Here's reporter Heidi Chang in Honolulu.
HEIDI CHANG: Hawaii is riding a pretty good wave right now when it comes to luring TV and film productions to its shores. Just ask Georja Skinner. She's at the helm of the state's Creative Industries Division.
GEORJA SKINNER: This has been an incredible year for Hawaii in terms of our production expenditures. It is the biggest year ever for our state and we are at $347 million right now.
Skinner says the state's tax incentives have played a big role in attracting film business from other parts of the world.
SKINNER: It's not so much anymore the beauty of your location or the qualified crew. If you don't have your tax incentive -- which is the first thing productions ask about -- then you're not a competitor.

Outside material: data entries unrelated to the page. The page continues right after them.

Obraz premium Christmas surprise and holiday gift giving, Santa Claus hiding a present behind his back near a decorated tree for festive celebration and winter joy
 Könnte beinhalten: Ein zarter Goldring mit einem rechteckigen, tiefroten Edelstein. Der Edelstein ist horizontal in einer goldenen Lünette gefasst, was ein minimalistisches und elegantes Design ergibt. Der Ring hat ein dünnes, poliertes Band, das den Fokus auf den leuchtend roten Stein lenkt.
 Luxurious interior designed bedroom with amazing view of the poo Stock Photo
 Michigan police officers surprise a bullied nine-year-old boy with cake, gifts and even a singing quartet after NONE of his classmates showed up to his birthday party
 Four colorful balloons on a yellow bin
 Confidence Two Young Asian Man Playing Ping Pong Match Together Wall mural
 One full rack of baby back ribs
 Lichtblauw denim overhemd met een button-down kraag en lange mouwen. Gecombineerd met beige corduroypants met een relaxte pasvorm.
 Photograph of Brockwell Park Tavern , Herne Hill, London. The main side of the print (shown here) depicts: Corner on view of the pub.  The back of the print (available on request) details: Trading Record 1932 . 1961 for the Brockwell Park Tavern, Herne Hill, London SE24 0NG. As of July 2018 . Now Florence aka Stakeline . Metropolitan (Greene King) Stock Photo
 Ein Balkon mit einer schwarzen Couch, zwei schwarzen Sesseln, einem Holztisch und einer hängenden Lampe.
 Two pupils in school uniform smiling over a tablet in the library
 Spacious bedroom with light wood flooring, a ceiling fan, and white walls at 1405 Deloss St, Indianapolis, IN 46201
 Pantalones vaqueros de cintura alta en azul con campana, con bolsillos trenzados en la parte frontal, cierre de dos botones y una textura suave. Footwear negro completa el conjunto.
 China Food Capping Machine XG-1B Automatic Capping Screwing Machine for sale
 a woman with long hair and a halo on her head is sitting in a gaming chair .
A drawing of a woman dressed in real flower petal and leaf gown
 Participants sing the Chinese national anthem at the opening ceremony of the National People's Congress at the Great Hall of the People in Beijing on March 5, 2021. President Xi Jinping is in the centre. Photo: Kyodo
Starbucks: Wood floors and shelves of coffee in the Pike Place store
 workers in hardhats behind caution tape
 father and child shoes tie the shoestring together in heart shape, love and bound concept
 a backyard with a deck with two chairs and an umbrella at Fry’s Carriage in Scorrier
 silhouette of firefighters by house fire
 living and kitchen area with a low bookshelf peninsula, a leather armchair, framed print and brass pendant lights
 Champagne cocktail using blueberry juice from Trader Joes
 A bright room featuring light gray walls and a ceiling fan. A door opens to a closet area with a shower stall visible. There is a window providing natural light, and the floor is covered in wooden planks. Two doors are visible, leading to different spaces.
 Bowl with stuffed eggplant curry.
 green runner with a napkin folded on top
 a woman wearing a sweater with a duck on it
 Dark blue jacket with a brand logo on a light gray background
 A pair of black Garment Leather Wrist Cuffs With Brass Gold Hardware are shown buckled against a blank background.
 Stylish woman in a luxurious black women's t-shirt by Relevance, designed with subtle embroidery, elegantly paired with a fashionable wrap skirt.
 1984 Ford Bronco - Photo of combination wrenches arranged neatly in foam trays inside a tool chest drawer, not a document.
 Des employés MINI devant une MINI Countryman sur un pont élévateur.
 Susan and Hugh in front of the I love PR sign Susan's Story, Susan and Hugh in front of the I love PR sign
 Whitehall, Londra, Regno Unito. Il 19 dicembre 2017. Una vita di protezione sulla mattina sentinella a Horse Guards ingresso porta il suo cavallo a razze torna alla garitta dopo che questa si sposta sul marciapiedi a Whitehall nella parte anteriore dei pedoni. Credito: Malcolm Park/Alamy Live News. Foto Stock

The global success of the TV series "Lost," which was filmed entirely in Hawaii, helped convince the state to increase its tax incentives. Because of its positive partnership with Hawaii, ABC is back again filming another series called, "Off the Map." But the show getting the most buzz this fall is the one that put Hawaii on the map. A new version of "Hawaii Five-0" debuts tonight.
To celebrate, CBS held a special premiere on the beach in Waikiki. One of the main actors in the new "Hawaii Five-0" is Daniel Dae Kim, who also starred in "Lost." During that show's six-year run, Kim saw a spike in TV and film production in Hawaii.
DANIEL DAE KIM: It showed that creative people can live here and work here. There's a certain spirit to this island that extends to crews and casts that come here, and I really appreciate the spirit that they bring to work everyday.
The original "Hawaii Five-O" premiered in 1968, and ran for 12 seasons. Now, many like Georja Skinner, hope the new series will bring even more films crews and visitors to the Islands.
SKINNER: "Hawaii Five-0" coming back to the Islands and really putting Hawaii in everyone's living room every week, is the greatest boom for our state that there could be.
In Honolulu, I'm Heidi Chang for Marketplace.